12. Vontade política, clareza de propósitos e responsabilidade com as gerações do presente e do futuro. Isso é o mínimo que se espera e que se deve exigir dos nossos governantes no trato desta questão. Que não lhes falte discernimento, espírito público elevado e compromisso com a democracia, também no trato da nossa Língua Pátria."


Falou e disse, Prof. Ernani... Tô contigo e não abro...
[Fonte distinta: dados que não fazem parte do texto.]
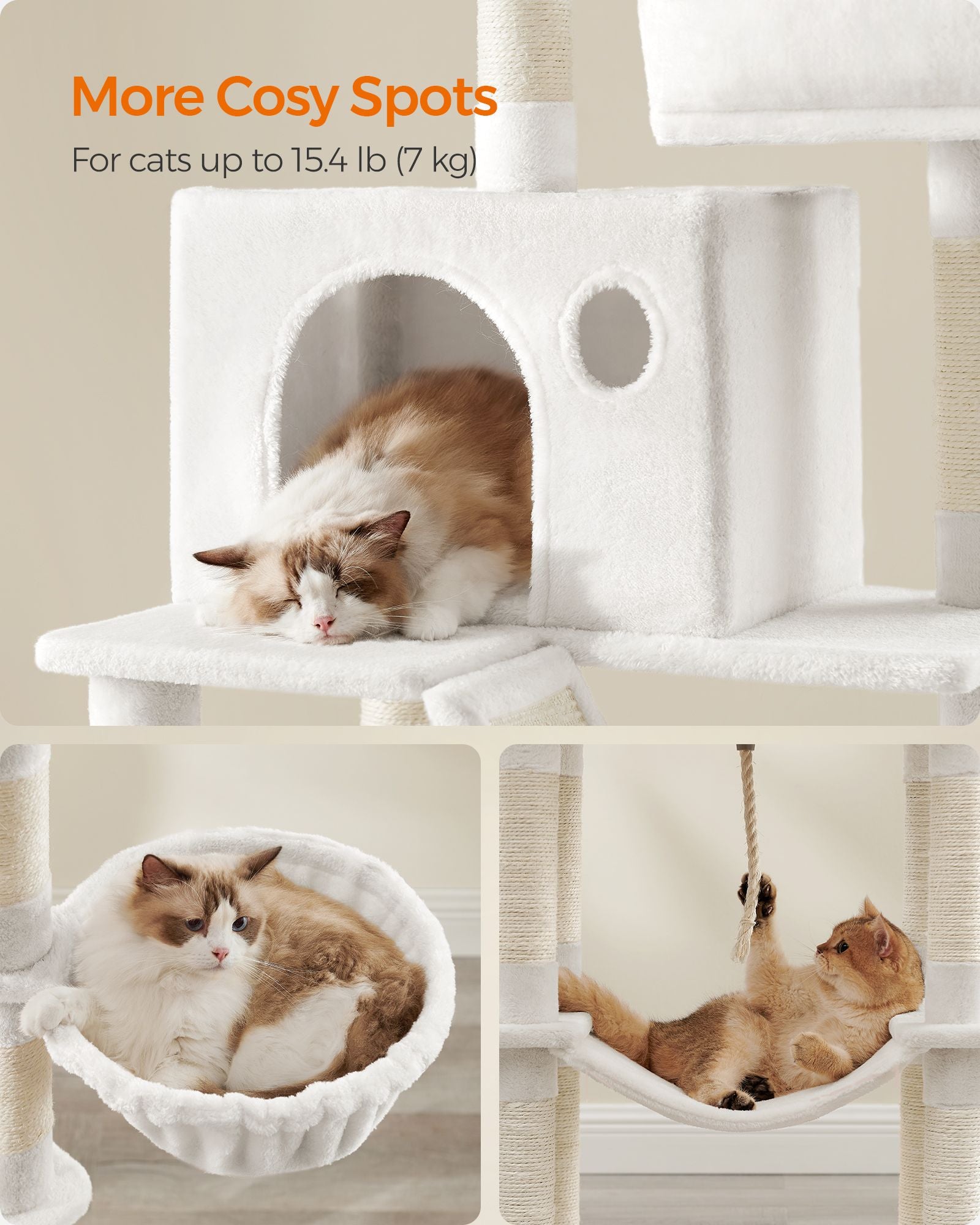 Large Multi-Level Cat Tree - 13 Scratching Posts - Plywood - Cream White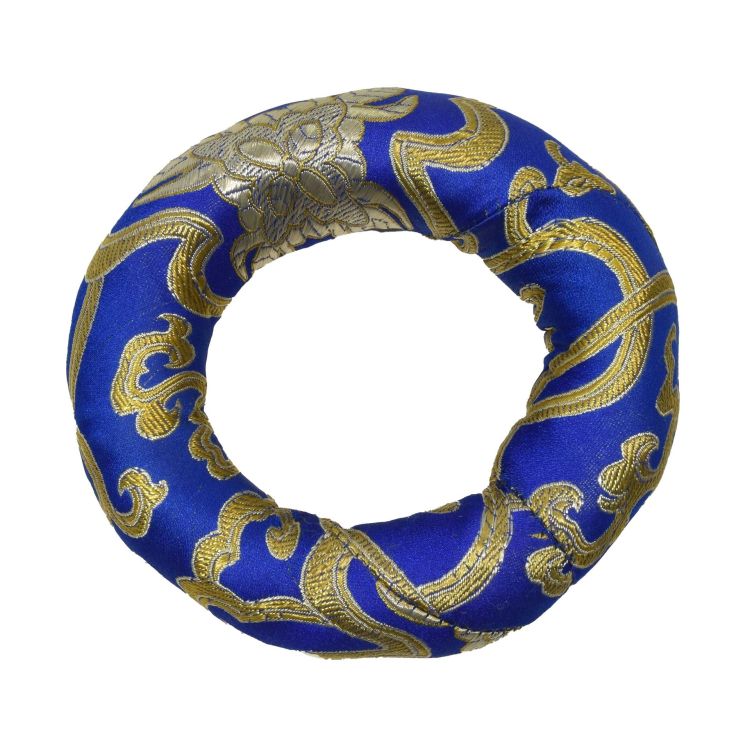 Podložka pod tibetskú misu z modrého brokátu, priem. 14cm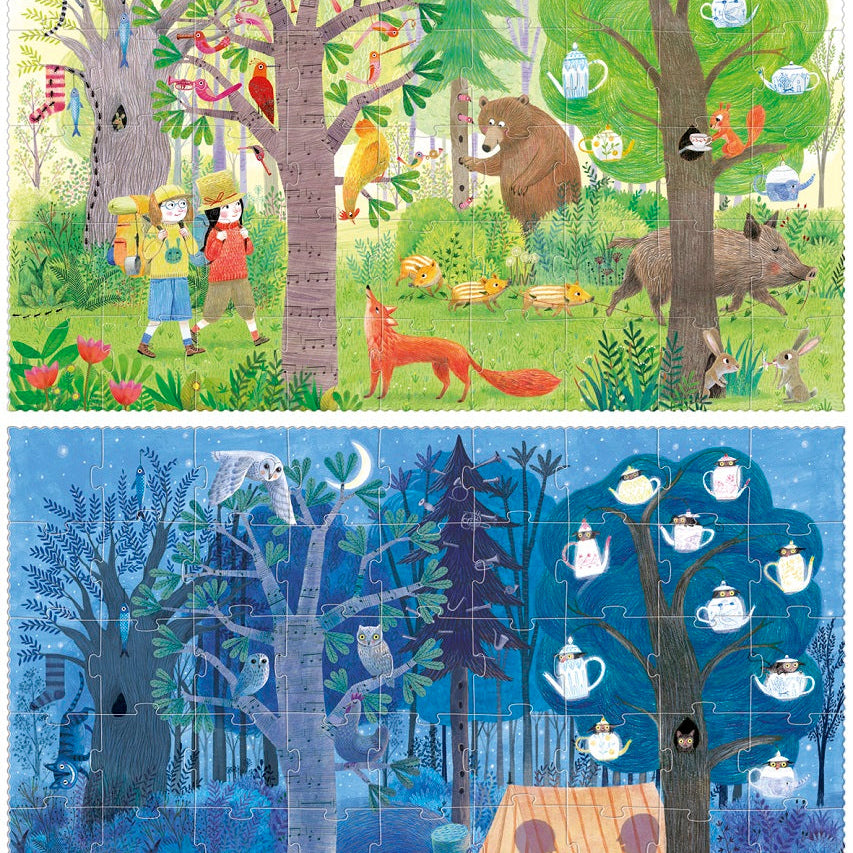 Puzzle - Night & Day in the Forest Reversible Puzzle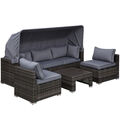 Rattan Lounge Set Sitzgruppe mit Sonnendach, Kissen und Beistelltisch Metall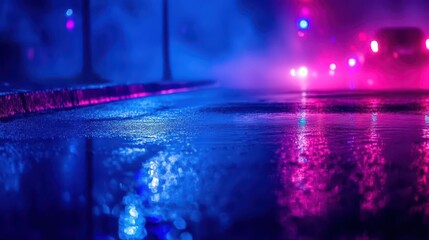 moody night city street, wet asphalt reflects vibrant neon lights, shrouded in mist and smoke, creating an atmospheric urban scene, mysterious and cinematic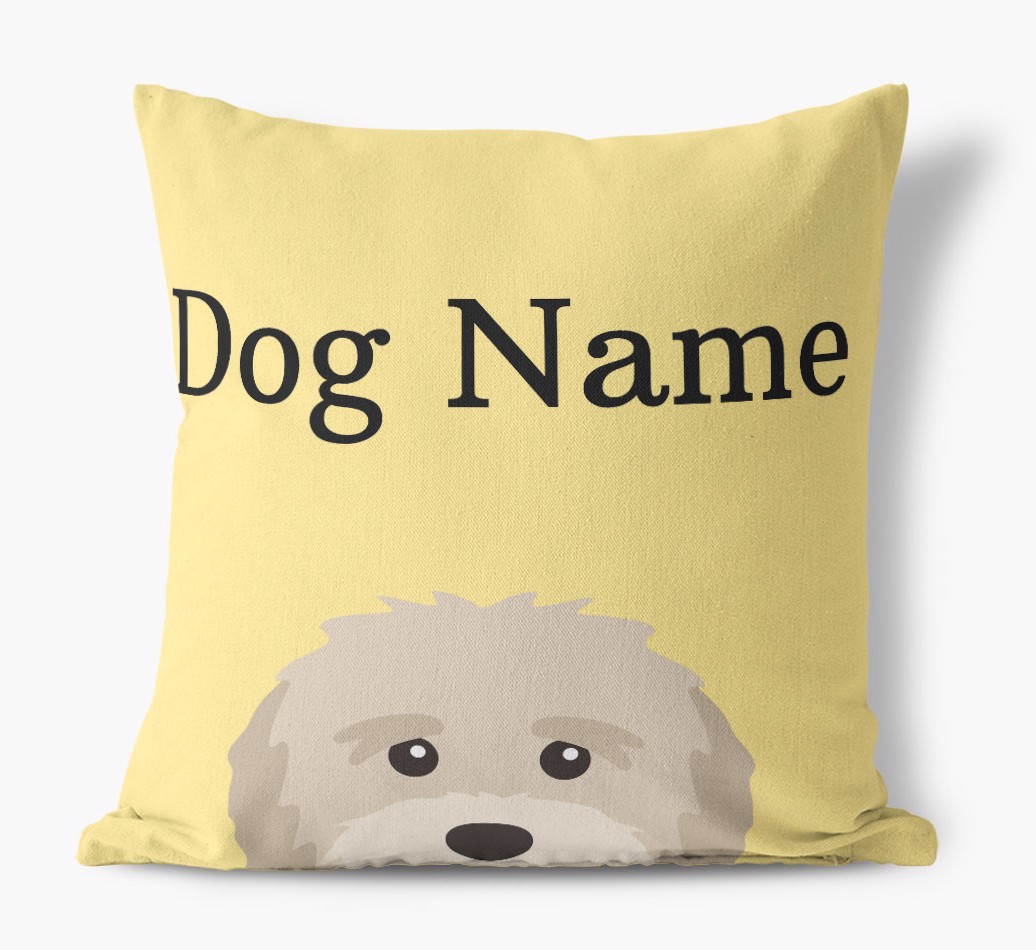 {dogsName}'s Icon & Name: Personalised {breedFullName} Canvas Cushion
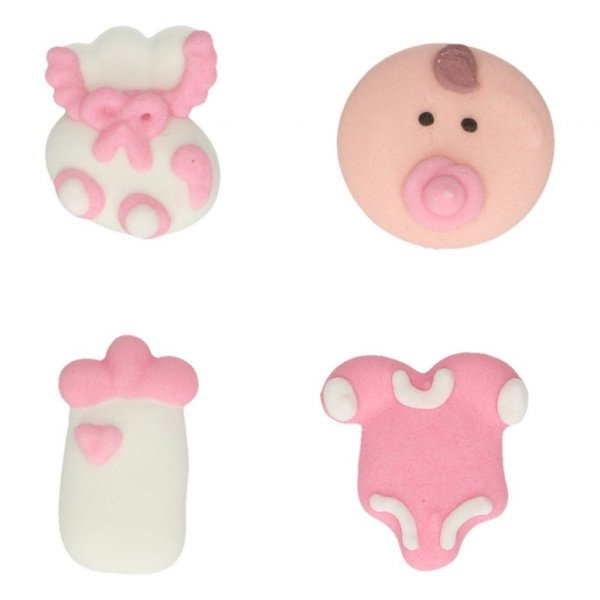 Zuckerdekorationen - Babymischung - Rosa - 6er-Pack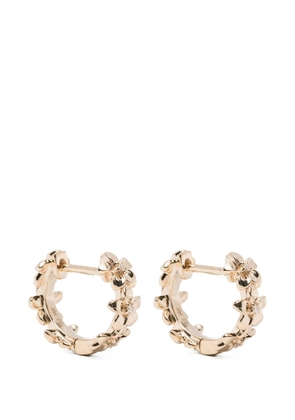 Sydney Evan tiny Plumeria diamond huggie hoops - Gold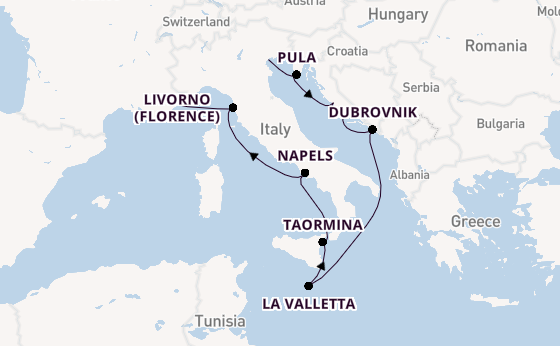 Middellandse Zee vanaf Venetië, Italië met de Silver Shadow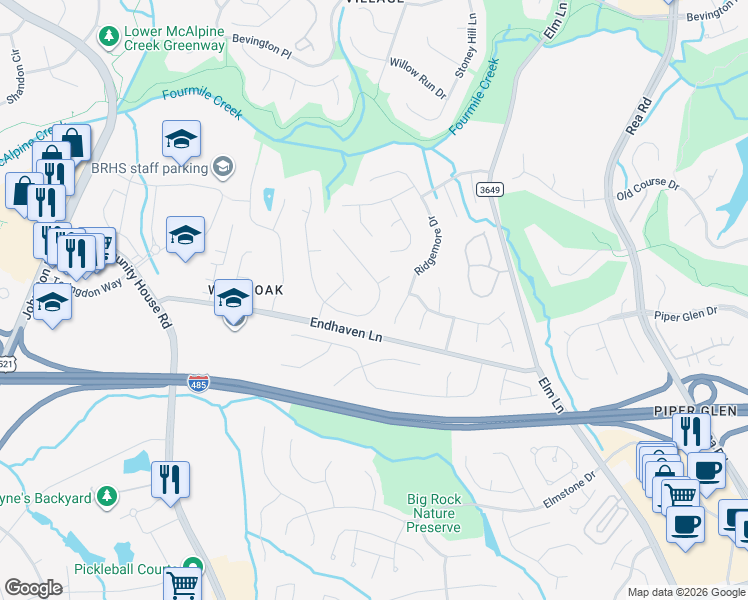 map of restaurants, bars, coffee shops, grocery stores, and more near 10500 Dairy Court in Charlotte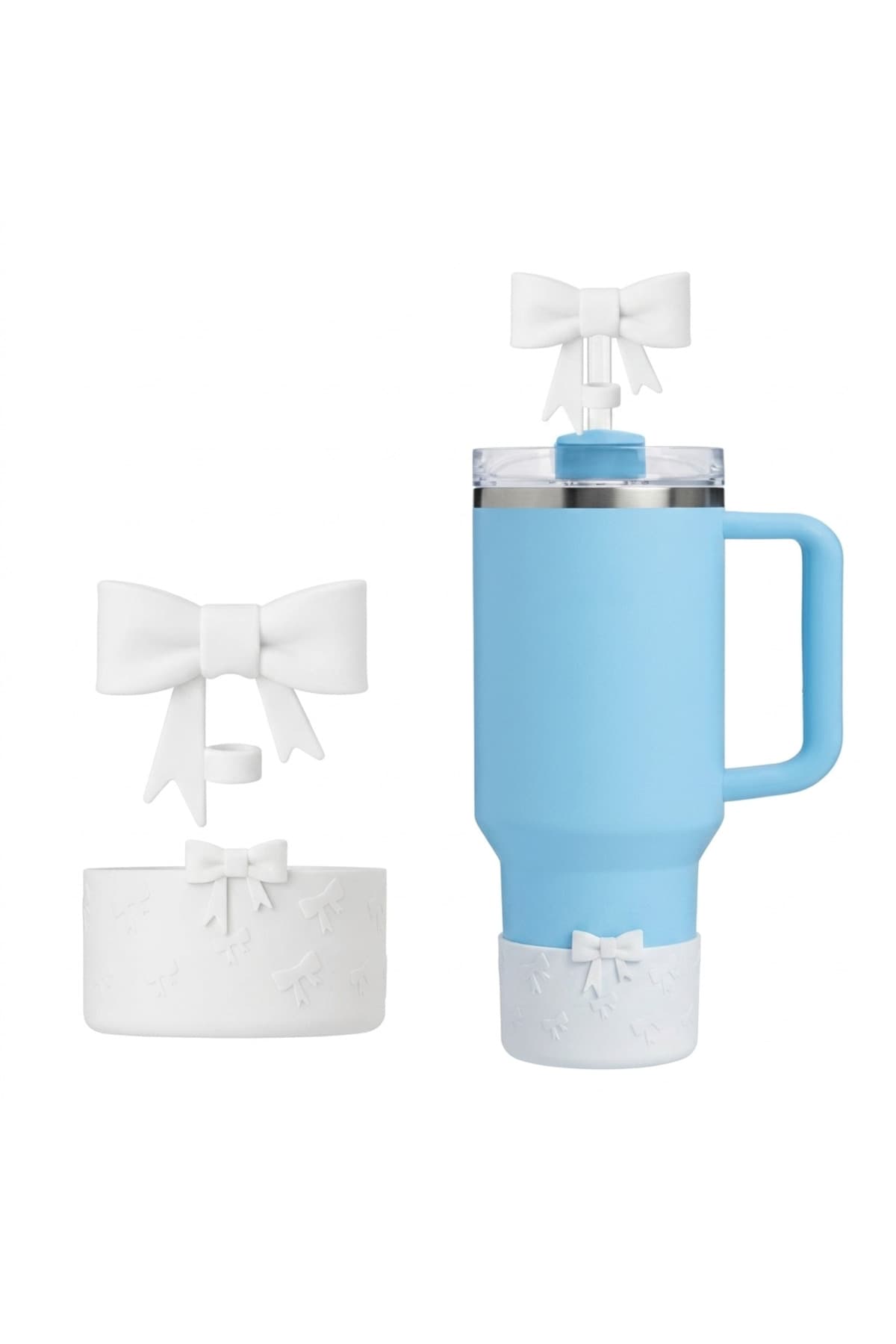 Yenigeldi Stanly Quencher Termos Uyumlu Aksesuar Seti (Fiyonk Tıpa +Fiyonk Taban) Pipet Koruyucu Kılıf/ Pipet Tıpası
Só para quebrar um pouco o caráter didático do post (isso aqui ainda é um boteco, oras...), coloco também o poema do Manuel Bandeira que eu citei lá em cima. Uma rodada de uísque, please...


Evocação do Recife


"A vida não me chegava pelos jornais nem pelos livros

Vinha da boca do povo na língua errada do povo

Língua certa do povo

Porque ele é que fala gostoso o português do Brasil

Ao passo que nós

O que fazemos

É macaquear

A sintaxe lusíada

A vida com uma porção de coisas que eu não entendia bem

Terras que não sabia onde ficavam."


Manuel Bandeira

1 comentários:

Ganso 31 de março de 2009 às 21:56  

Apoiado irmão.

Eu falo Português de Portugal. Tu, do Brasil. E outros, de Angola, Cabo Verde, Moçambique, São Tomé e Principe e Guiné...

Assim é mais bonito. Variedade.

Imagina que tinhamos que voltar a "aprender" a escrever.

Óptimo, facto, etc...

A nossa lingua é linda. Cada pronuncia tem a sua beleza também.